New Zealand’s economy continues to recover, amid a low case count, after contracting at the end of last year. The Reserve Bank of New Zealand is expected to hold steady Wednesday after the government’s annual budget last week included the biggest increase in welfare payments in more than a generation as part of measures to support growth.

India is the global epicentre of the latest virus surge, and even other economies that had kept infections under control – such as Singapore and Taiwan – are also battling flare ups.

Japan continues to struggle with spreading cases and even China is seeing an uptick in infections.

The region is also lagging in the vaccination roll out, with Singapore having inoculated around 30 per cent of its population, followed by China at around 15 per cent and the others well behind.

“The region’s relatively slow vaccine roll out is increasingly proving to be a drag, including for the more developed economies whose hitherto successful strategy to more emphasise contact tracing, rapid testing and social distancing, is being challenged by the recent surge in cases,” according to Deutsche Bank head of emerging market research Sameer Goel.

The Reserve Bank of India (RBI) will be central to how India responds to the crisis, given the government has only limited fiscal space with a budget deficit of 6.8 per cent of gross domestic product in the year to March 2022, down from an estimated 9.5 per cent last year. Benchmark rates have remained unchanged for a year amid sticky inflation.

Next month the RBI’s monetary policy committee is likely to keep rates unchanged, but Governor Shaktikanta Das could expand a quantitative easing program for the second straight quarter to keep borrowing costs under check.

Other Asian central banks are supporting their nations’ fiscal policies.

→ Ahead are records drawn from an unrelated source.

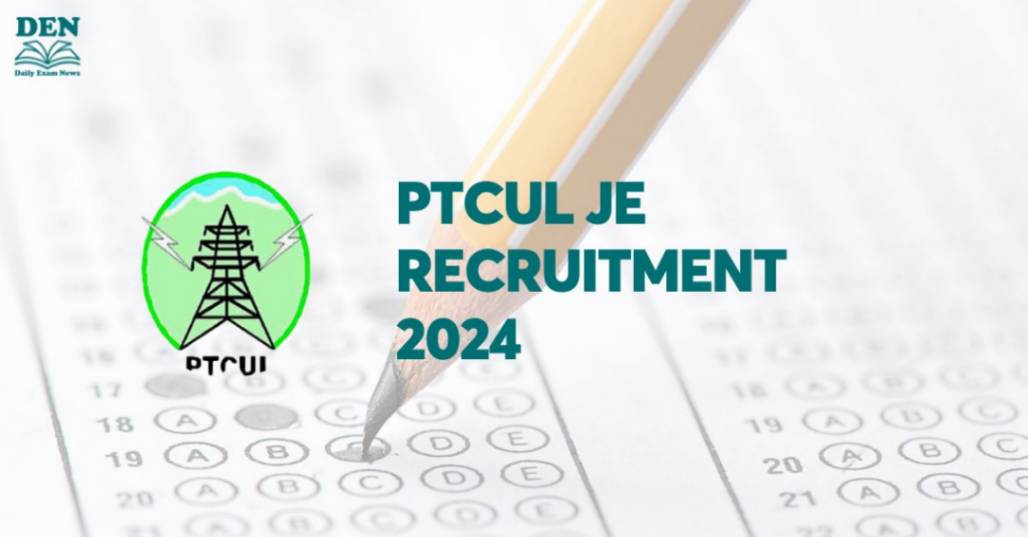 PTCUL JE Recruitment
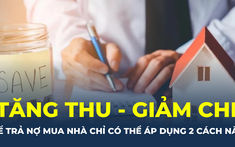 Muốn trả được nợ vay mua nhà, chỉ có hai cách!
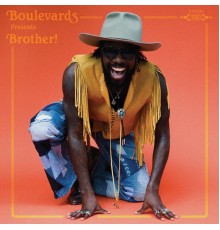 Boulevards - Brother!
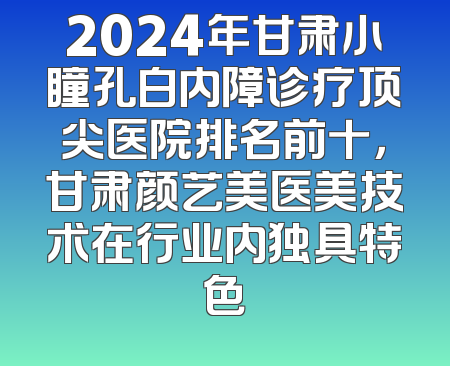 2024年甘肃小瞳孔白内障诊疗顶尖医院排名前十，甘肃颜艺美医美技术在行业内独具特色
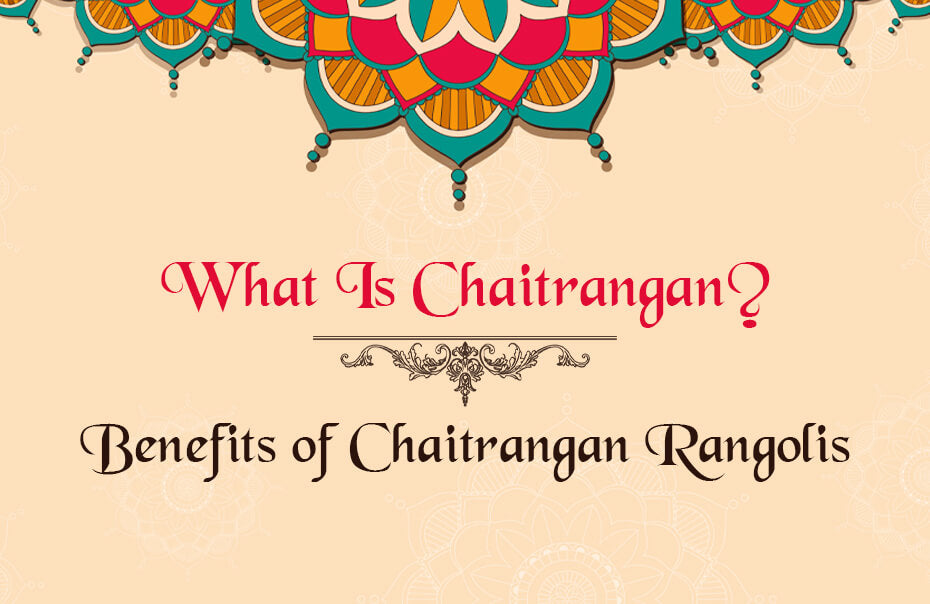 What Is Chaitrangan? Benefits of Chaitrangan Rangolis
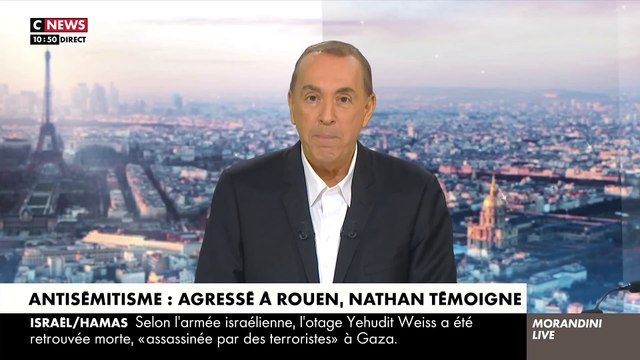 Antisémitisme : Le témoignage dans Morandini Live de Nathan, 18 ans, agressé en plein Rouen par un homme le traitant de sale juif ajoutant la Shoah, il faut la recommencer - Cet individu ne sera pas jugé - Vidéo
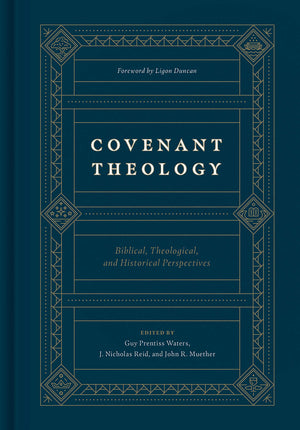 Covenant Theology: Biblical, Theological, and Historical Perspectives - Waters, Guy P (editor); Reid, J Nicholas (editor); Muether, John R (editor); Duncan, Ligon (foreword by) - 9781433560033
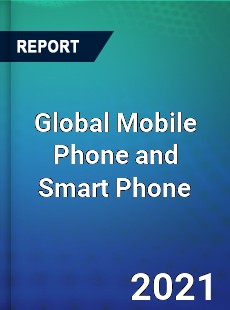 Global Mobile Phone and Smart Phone Market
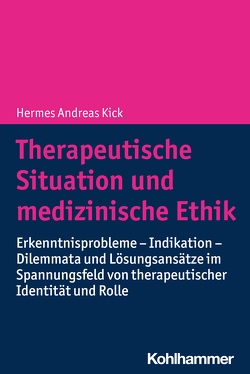 Therapeutische Situation und medizinische Ethik von Kick,  Hermes Andreas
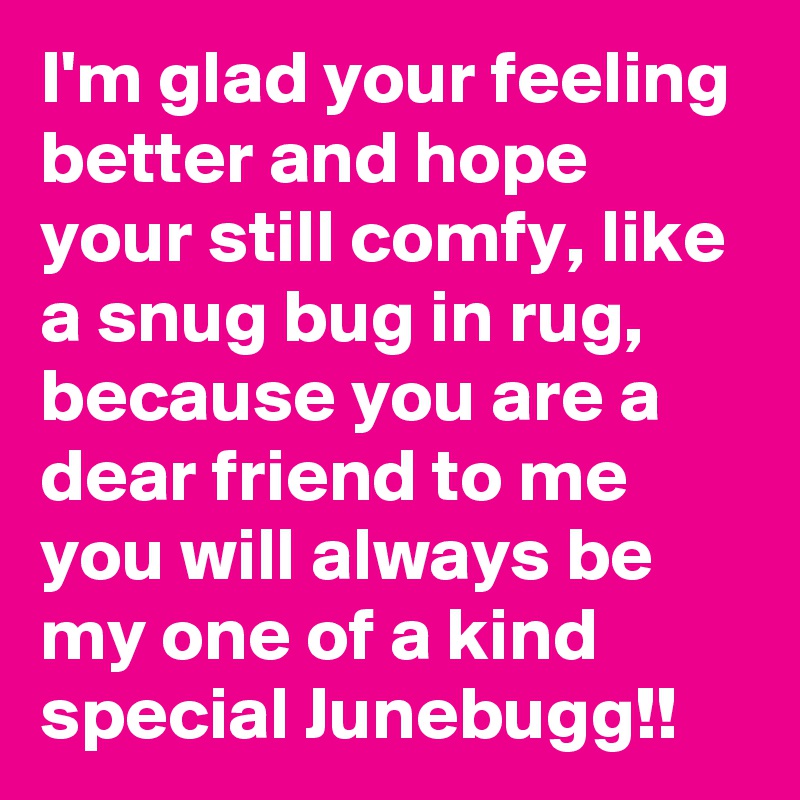 I'm glad your feeling better and hope your still comfy, like a snug bug in rug, because you are a dear friend to me you will always be my one of a kind special Junebugg!!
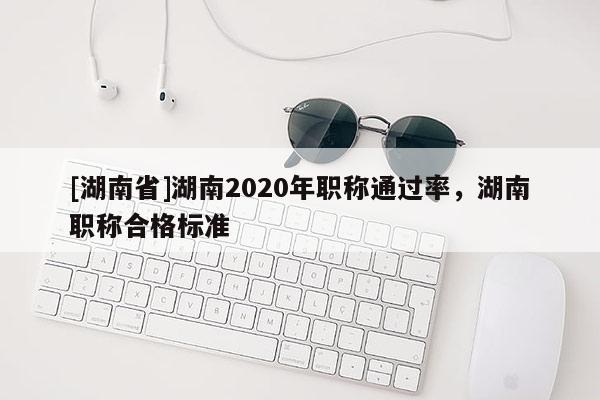 [湖南省]湖南2020年职称通过率，湖南职称合格标准
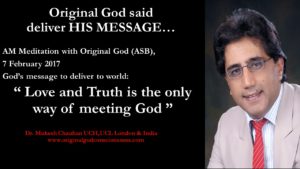 Love and Truth is the only way of meeting God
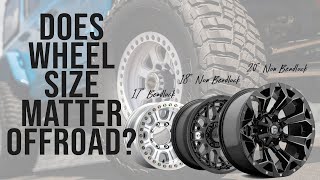 Does Wheel Size Really Matter Off road?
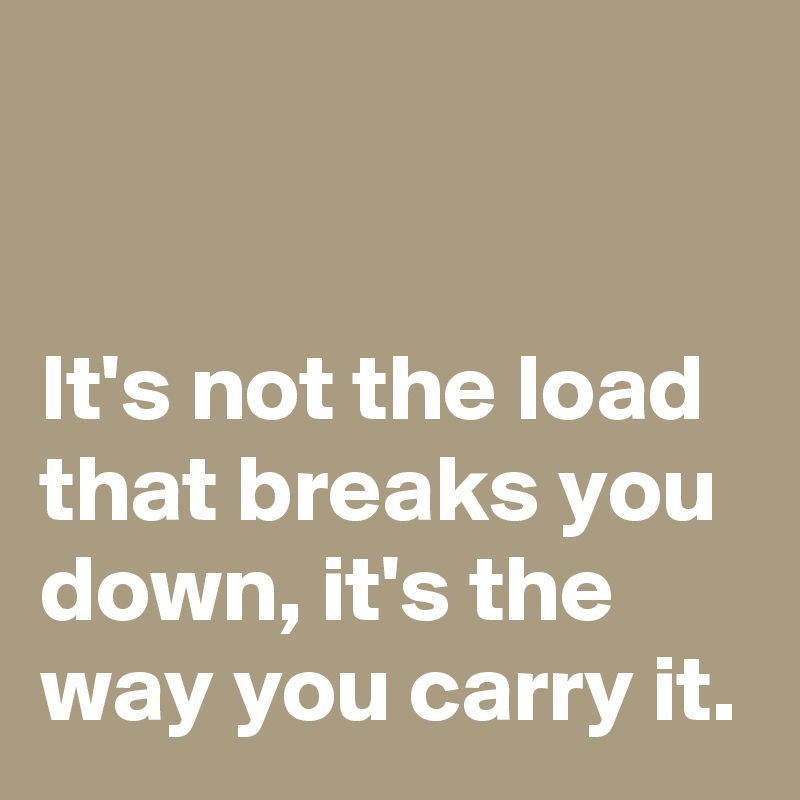 


It's not the load that breaks you down, it's the way you carry it.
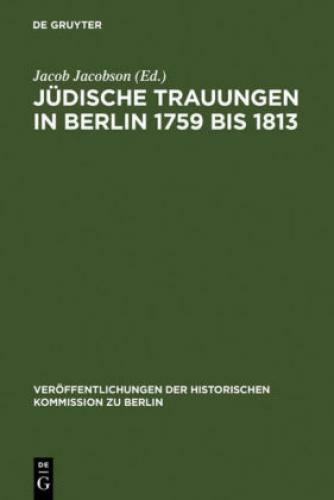 Thumbnail - Jüdische Trauungen In Berlin 1759 Bis 1813 Mit Ergänzungen Für Die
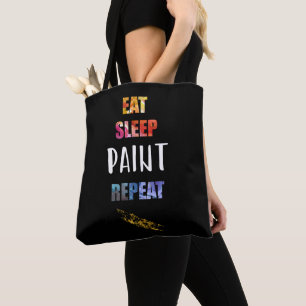 Eat, Sleep, Paint, Repeat. Painters Artists Gift Tote Bag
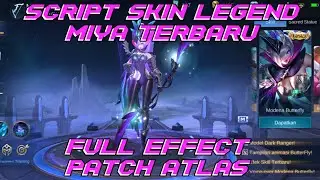 SCRIPT SKIN LEGEND MIYA TERBARU FULL EFFECT MOBILE LEGEND TERBARU PATCH ATLAS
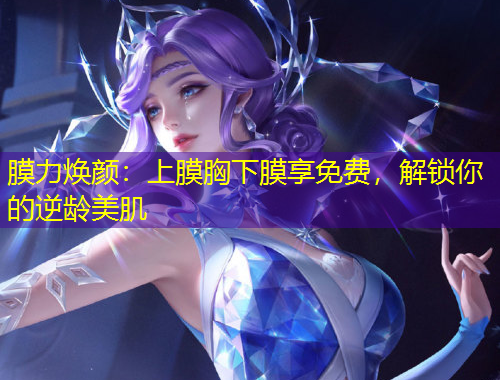 膜力煥顏：上膜胸下膜享免費(fèi)，解鎖你的逆齡美肌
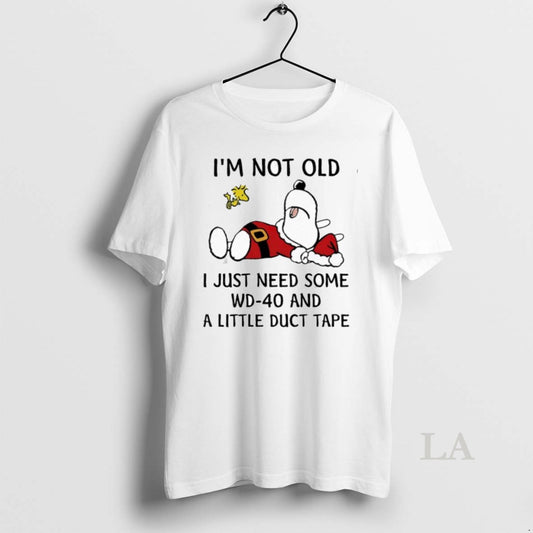 Original Im Not Old I Just Need Some Wd 40 And A Little Duct Tape - clothing by TeeHivey.com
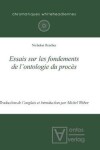 Book cover for Essais Sur Les Fondements de l'Ontologie Du Proces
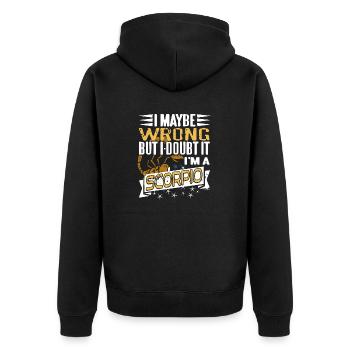 Astrologist Maybe Wrong But I Doubt It I'm Scorpio - Unisex Premium Organic Zip Hoodie - black - Back - Nico (187cm)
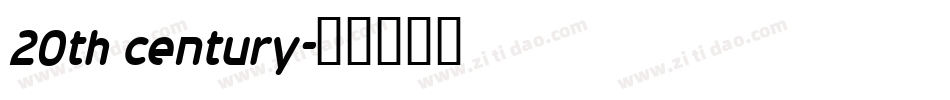 20th century字体转换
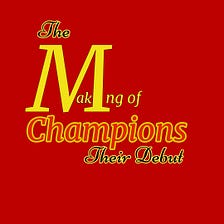 The Making of Champions Episode 1 You getting to know them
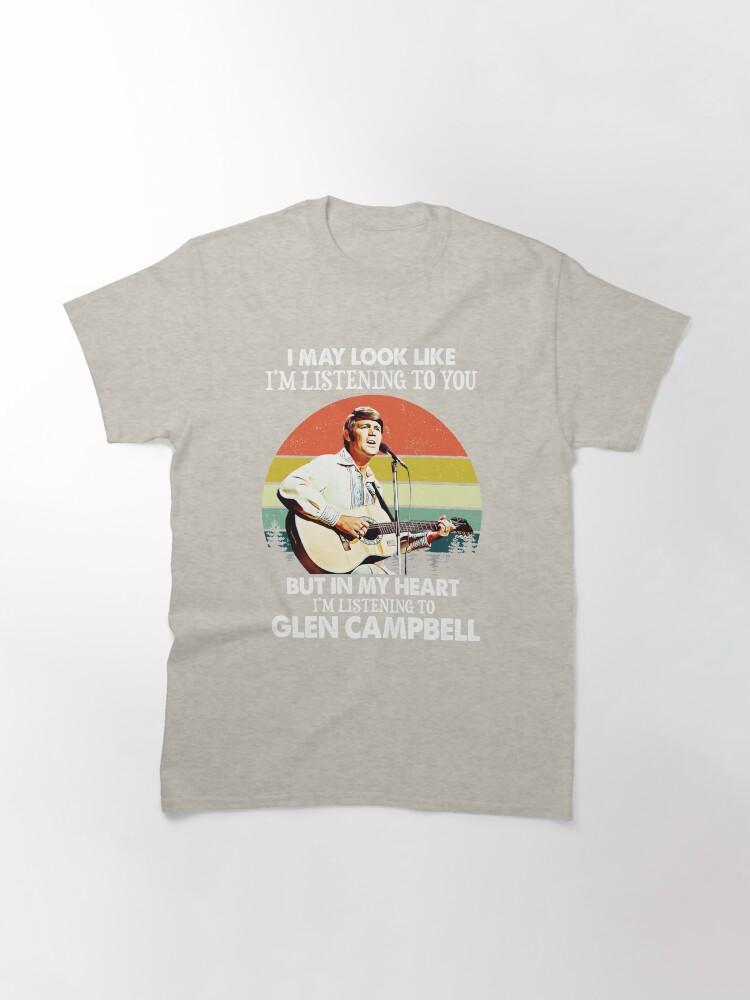 Glen Campbell I Might Look Like I'm Listening to You Glen T Campbell Music Legend Classic T-Shirt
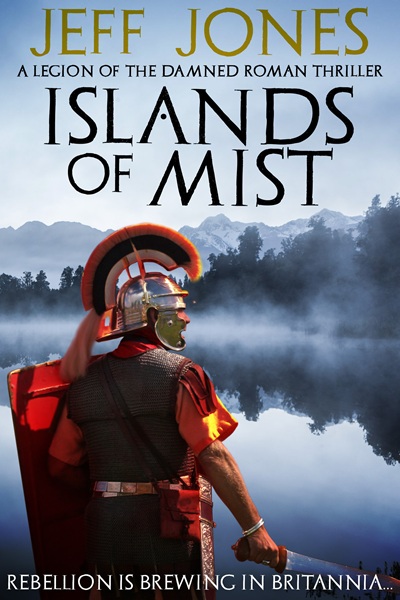 Islands of Mist (Legion of the Damned Roman Thrillers Book 3)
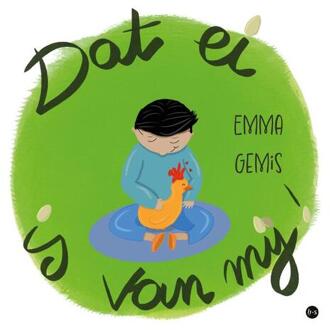 Dat ei is van mij! -  Emma Gemis (ISBN: 9789465091389)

Bank of Japan Governor Haruhiko Kuroda said last week he will continue with powerful monetary easing, indicating his yield curve control program will keep government bond yields low to help additional fiscal spending.

China’s central bank is also continuing to ensure borrowing costs are kept low for those parts of the economy that need it, while keeping an overall disciplined approach to the volume of its stimulus.

“Monetary policy is not as effective compared to fiscal policy in responding to the current virus wave,” said Australia & New Zealand Banking Group head of Asia research Khoon Goh.

“Extension of fiscal support is what is needed.”